Every five years, someone writes about Times Square, so here we go (I used to work on 45th St btwn 6th and Broadway and it was…invigorating. Once I came back to the office from getting my pupils dilated at the optician’s, and it was like being in Tron):
When the Times Square Alliance commissioned a survey in 2012 and asked respondents for the word that best describes the area, the top three negative answers given by New Yorkers were “touristy,” “crowded,” and “noisy.” (The top three negative words among respondents nationwide: “crowded,” “touristy,” and “commercialized” — even the tourists like to complain about the tourists.) These are the exact sentiments that the Times Square Alliance is hoping to change. Its recent mandate, in part, is to give Times Square back to New Yorkers — or, at least, to reimagine Times Square as something New Yorkers might embrace. “It’s the geographical center of the city and a huge transportation hub,” says Sherry Dobbin, who was hired by the TSA in 2012 as its director of public art. “So the idea is: How do we also make it a cultural hub?” Sure, there’s Broadway, but there’s also no reason why you can’t stage cultural happenings in Times Square that New Yorkers would actively seek out. To that end, Dobbins has instituted events like the Midnight Moment, when most of the billboards are given over for three minutes to a visiting artist. In a larger sense, the mandate is about reinventing Times Square in people’s imaginations as a place to gather in and enjoy, rather than to avoid or endure. “We want to have a larger conversation,” Tompkins says. “What’s the vision for this public space? What can Times Square be?”
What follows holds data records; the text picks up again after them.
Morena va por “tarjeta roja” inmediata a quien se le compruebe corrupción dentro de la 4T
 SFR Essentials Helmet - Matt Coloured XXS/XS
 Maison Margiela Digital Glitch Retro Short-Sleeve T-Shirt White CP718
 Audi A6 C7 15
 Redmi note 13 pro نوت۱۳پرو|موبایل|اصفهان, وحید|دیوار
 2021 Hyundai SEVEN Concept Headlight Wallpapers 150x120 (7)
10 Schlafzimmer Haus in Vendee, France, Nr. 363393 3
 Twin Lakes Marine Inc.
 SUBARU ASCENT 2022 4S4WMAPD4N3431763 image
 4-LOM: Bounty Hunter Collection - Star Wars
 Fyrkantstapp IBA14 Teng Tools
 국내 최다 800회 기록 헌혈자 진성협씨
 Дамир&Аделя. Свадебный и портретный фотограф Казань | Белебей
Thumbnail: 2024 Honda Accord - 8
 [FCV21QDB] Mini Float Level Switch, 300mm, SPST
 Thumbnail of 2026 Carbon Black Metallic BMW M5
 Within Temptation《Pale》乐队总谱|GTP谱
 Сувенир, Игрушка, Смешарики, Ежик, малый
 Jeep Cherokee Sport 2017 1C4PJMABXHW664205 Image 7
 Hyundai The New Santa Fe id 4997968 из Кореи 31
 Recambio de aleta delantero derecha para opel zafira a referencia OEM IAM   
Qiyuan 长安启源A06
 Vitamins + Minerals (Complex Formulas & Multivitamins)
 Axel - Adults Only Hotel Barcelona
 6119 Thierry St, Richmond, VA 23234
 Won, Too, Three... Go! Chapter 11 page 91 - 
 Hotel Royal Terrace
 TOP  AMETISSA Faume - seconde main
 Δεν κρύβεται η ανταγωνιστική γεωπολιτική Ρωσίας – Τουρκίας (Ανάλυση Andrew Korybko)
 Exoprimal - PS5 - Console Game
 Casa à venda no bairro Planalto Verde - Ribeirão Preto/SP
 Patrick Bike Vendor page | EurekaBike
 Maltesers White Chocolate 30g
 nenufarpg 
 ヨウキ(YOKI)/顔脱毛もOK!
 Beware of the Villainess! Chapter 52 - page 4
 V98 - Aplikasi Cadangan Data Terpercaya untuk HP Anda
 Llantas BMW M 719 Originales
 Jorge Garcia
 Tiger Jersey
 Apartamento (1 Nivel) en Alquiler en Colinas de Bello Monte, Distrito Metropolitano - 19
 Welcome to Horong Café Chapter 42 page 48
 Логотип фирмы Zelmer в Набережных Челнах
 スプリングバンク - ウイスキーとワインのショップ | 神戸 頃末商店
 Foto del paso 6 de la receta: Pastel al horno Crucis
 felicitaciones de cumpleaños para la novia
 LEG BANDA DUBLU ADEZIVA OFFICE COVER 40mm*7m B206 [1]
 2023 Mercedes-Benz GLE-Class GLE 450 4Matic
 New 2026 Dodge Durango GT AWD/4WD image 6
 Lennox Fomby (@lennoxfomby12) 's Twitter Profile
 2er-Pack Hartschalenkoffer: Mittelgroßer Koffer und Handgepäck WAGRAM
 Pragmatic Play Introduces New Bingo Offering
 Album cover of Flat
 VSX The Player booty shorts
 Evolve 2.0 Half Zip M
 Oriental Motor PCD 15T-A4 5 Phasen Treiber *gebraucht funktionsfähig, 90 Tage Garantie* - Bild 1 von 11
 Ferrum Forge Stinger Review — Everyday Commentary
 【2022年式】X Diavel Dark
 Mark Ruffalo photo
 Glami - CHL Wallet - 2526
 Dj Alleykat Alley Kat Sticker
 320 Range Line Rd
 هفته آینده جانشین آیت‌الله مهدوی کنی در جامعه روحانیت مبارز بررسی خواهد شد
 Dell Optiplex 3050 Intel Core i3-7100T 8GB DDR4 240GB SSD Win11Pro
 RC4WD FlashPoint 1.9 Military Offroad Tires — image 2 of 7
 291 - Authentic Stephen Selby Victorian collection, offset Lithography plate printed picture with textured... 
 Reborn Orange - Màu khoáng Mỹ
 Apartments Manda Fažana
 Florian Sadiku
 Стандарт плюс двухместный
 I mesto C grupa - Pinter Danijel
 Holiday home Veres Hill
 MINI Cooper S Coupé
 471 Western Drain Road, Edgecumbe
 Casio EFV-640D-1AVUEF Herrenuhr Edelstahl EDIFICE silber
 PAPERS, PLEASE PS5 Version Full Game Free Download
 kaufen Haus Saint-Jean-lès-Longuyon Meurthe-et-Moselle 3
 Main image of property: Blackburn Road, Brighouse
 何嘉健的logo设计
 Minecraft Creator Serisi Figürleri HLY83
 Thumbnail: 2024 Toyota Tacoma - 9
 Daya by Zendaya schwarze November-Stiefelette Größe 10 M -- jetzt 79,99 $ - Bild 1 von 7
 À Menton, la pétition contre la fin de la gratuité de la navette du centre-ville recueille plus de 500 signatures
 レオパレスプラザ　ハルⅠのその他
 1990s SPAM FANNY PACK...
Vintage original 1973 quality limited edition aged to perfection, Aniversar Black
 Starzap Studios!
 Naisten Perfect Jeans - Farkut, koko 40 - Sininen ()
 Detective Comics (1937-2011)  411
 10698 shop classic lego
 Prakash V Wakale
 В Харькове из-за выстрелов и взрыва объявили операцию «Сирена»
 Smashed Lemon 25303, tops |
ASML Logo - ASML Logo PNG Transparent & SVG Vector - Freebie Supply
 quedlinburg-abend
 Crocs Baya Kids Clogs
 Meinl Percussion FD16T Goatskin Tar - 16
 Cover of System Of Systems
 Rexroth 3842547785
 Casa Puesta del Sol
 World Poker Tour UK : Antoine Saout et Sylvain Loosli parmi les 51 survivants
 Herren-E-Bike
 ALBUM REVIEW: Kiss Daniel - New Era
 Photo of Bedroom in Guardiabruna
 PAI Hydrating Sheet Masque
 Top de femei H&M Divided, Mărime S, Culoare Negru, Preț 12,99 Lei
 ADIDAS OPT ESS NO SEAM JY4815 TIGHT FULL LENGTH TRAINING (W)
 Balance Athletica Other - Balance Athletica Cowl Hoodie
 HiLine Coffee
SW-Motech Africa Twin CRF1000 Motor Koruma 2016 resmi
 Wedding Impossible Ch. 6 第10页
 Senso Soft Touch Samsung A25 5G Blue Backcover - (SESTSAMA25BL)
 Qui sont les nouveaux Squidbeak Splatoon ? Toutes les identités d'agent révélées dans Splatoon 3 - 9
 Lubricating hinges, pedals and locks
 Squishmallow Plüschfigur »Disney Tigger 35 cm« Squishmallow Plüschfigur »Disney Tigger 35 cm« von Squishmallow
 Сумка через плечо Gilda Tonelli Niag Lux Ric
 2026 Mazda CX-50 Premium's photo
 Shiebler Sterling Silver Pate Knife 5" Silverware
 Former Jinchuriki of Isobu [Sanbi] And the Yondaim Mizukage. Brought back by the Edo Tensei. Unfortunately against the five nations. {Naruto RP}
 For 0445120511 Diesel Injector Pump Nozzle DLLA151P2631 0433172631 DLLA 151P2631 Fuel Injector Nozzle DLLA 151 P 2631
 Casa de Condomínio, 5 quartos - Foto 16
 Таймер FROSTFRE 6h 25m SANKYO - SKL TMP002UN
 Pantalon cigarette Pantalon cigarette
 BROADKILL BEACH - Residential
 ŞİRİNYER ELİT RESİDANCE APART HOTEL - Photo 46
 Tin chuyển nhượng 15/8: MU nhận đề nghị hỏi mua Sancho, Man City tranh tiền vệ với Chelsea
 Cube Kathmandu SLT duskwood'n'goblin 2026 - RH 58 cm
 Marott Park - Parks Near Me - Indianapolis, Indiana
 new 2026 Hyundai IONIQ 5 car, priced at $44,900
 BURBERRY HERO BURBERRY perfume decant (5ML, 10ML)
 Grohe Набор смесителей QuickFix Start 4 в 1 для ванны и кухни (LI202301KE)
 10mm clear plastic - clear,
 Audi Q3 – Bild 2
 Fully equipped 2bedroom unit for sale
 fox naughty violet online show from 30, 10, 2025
What Tangerine gets right about sex work and trans friendships:
Trans sex workers’ rights activist Morgan M. Page points out that it’s also one of very few films that portrays trans women in relationships with other trans people. “Most films produced by and for cis people presume that trans people are islands, unattached to communities of other trans people, drowning in a sea of cis people,” she explains. “In this way, Tangerine succeeds where nearly every film and book featuring trans characters written by cis people has failed for the past one hundred years in Anglophone culture.”
Please enjoy a depressing piece about the future of recycling:
IF you live in the United States, you probably do some form of recycling. It’s likely that you separate paper from plastic and glass and metal. You rinse the bottles and cans, and you might put food scraps in a container destined for a composting facility. As you sort everything into the right bins, you probably assume that recycling is helping your community and protecting the environment. But is it? Are you in fact wasting your time?